I was reading this post by Shoaib (no…no…not the Pakistan fast bowler Shoaib Akhtar or Shoaib Malik [Sania Mirza’s husband]) on Love..he says it was just a fun post, yes indeed it made for good reading, but if you read really carefully, he makes some really good points and puts out some valid questions [You can find his post HERE]
He writes “I was just wondering how would it really feel to fall in love. To blindly trust someone. To open my whole life in front of someone. Tell that person each and every single thing. Every secret that I have kept”
He further goes to ask rhetorical questions such as
- Is it really possible to be someone’s priority? Their first and foremost priority?
- Why would someone love me? What is there to love about me?
- How would it feel to be loved by someone. To get all the affection that I always longed for. To feel it in my bones. How would it really feel? How love feels?

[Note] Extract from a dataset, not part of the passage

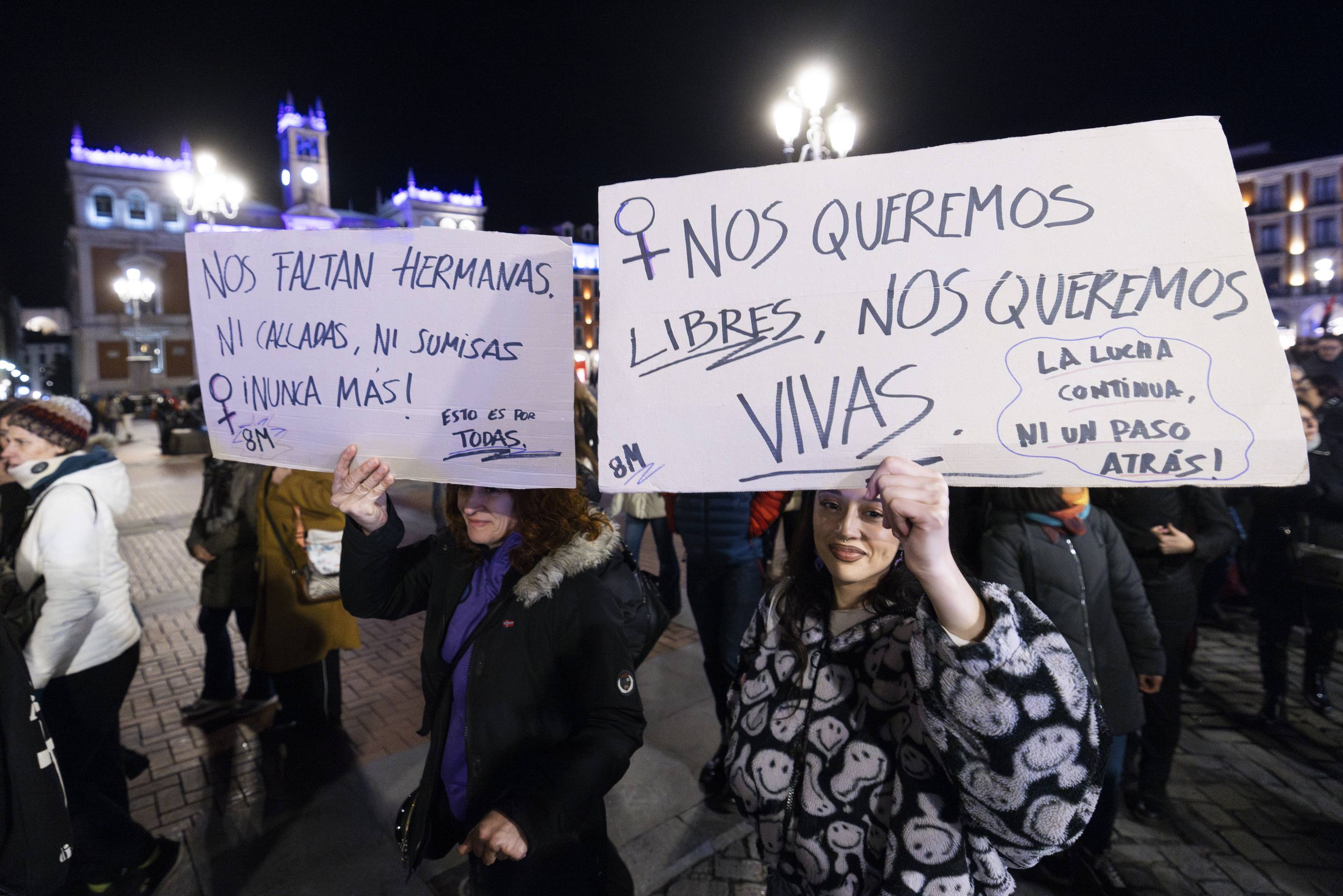 Las imágenes de la manifestación del 8M en Valladolid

After reading his post, it brought back a few memories. I was in a relationship once, though the relationship shared was love, I didn’t quite fully understand the emotion they called LOVE… and when I finally did, it was too late.
She said she loved me for my caring ways, the way I made her feel…the little things I did that made her love me more…and while I understood all that she meant, I would often ask myself the question “How could she love a person like me?” No one ever before said these kind of things to me…was I really a good person? Did I really make her feel special? Was I really someone worth of being loved by another person? While I thought it was her raging hormones that did the speaking, it was actually coming out all straight from her heart…something that I didn’t realize.
But like its said, we only learn through experiences. Mistakes are never made twice..I believe I have learnt the lesson but will life give me another chance?
She opened her heart to me, she blindly trusted me, she confided in me..sometimes she would even share every little detail of her day with me.. and what did I do? I broke her heart! …and I didn’t even realize it!